When the line containing "tatu nichya charity concert" appears in the data below, begin copying there and stop only after the line containing "2017-2023 Tesla Model".

(DATA FOR REVIEW begins)

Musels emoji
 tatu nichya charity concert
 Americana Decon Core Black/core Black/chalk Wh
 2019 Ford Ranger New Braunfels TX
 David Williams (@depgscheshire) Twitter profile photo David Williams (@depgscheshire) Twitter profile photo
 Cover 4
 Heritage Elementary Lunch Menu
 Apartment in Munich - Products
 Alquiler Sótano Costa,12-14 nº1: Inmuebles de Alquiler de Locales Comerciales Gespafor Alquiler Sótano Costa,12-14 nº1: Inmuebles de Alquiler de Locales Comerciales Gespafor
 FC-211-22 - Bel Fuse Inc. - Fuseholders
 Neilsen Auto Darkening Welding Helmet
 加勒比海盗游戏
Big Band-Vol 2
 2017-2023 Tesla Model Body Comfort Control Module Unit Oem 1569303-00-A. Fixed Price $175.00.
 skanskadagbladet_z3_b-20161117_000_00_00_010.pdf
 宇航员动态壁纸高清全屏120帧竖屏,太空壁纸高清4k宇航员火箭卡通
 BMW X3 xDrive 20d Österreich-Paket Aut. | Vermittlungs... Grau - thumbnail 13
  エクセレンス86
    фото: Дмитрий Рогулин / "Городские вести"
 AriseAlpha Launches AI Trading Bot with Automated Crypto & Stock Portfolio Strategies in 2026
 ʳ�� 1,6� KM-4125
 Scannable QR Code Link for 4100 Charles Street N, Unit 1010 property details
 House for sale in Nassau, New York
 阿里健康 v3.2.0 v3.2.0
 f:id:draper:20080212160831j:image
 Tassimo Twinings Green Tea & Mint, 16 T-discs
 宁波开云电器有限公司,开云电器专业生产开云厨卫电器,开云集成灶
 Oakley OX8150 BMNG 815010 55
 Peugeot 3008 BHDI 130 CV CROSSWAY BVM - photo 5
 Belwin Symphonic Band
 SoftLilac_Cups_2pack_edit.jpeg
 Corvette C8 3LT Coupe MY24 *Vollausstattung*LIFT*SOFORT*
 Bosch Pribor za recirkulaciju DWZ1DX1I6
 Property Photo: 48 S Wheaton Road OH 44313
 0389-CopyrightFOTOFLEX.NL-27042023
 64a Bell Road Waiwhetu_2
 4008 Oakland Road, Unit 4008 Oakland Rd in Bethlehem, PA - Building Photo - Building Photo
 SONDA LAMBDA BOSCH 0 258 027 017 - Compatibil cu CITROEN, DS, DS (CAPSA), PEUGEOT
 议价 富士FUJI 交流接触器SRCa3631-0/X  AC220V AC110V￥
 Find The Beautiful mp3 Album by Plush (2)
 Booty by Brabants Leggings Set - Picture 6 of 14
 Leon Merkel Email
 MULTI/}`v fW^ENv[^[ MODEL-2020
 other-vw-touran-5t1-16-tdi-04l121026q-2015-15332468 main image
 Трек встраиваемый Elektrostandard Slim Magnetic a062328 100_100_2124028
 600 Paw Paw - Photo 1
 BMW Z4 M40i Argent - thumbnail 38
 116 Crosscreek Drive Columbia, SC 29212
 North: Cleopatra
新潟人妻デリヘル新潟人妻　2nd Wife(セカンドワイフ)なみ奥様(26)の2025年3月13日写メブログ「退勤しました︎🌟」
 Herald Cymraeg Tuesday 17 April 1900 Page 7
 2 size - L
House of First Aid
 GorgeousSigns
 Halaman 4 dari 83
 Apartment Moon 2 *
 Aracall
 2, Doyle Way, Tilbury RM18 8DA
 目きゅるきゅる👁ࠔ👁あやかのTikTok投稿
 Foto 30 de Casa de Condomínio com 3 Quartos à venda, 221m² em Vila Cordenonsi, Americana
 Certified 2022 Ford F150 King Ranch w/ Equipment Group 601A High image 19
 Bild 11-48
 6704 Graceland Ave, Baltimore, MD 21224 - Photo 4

(DATA FOR REVIEW ends)

** ANSWER TO THIS EXERCISE **
 tatu nichya charity concert
 Americana Decon Core Black/core Black/chalk Wh
 2019 Ford Ranger New Braunfels TX
 David Williams (@depgscheshire) Twitter profile photo David Williams (@depgscheshire) Twitter profile photo
 Cover 4
 Heritage Elementary Lunch Menu
 Apartment in Munich - Products
 Alquiler Sótano Costa,12-14 nº1: Inmuebles de Alquiler de Locales Comerciales Gespafor Alquiler Sótano Costa,12-14 nº1: Inmuebles de Alquiler de Locales Comerciales Gespafor
 FC-211-22 - Bel Fuse Inc. - Fuseholders
 Neilsen Auto Darkening Welding Helmet
 加勒比海盗游戏
Big Band-Vol 2
 2017-2023 Tesla Model Body Comfort Control Module Unit Oem 1569303-00-A. Fixed Price $175.00.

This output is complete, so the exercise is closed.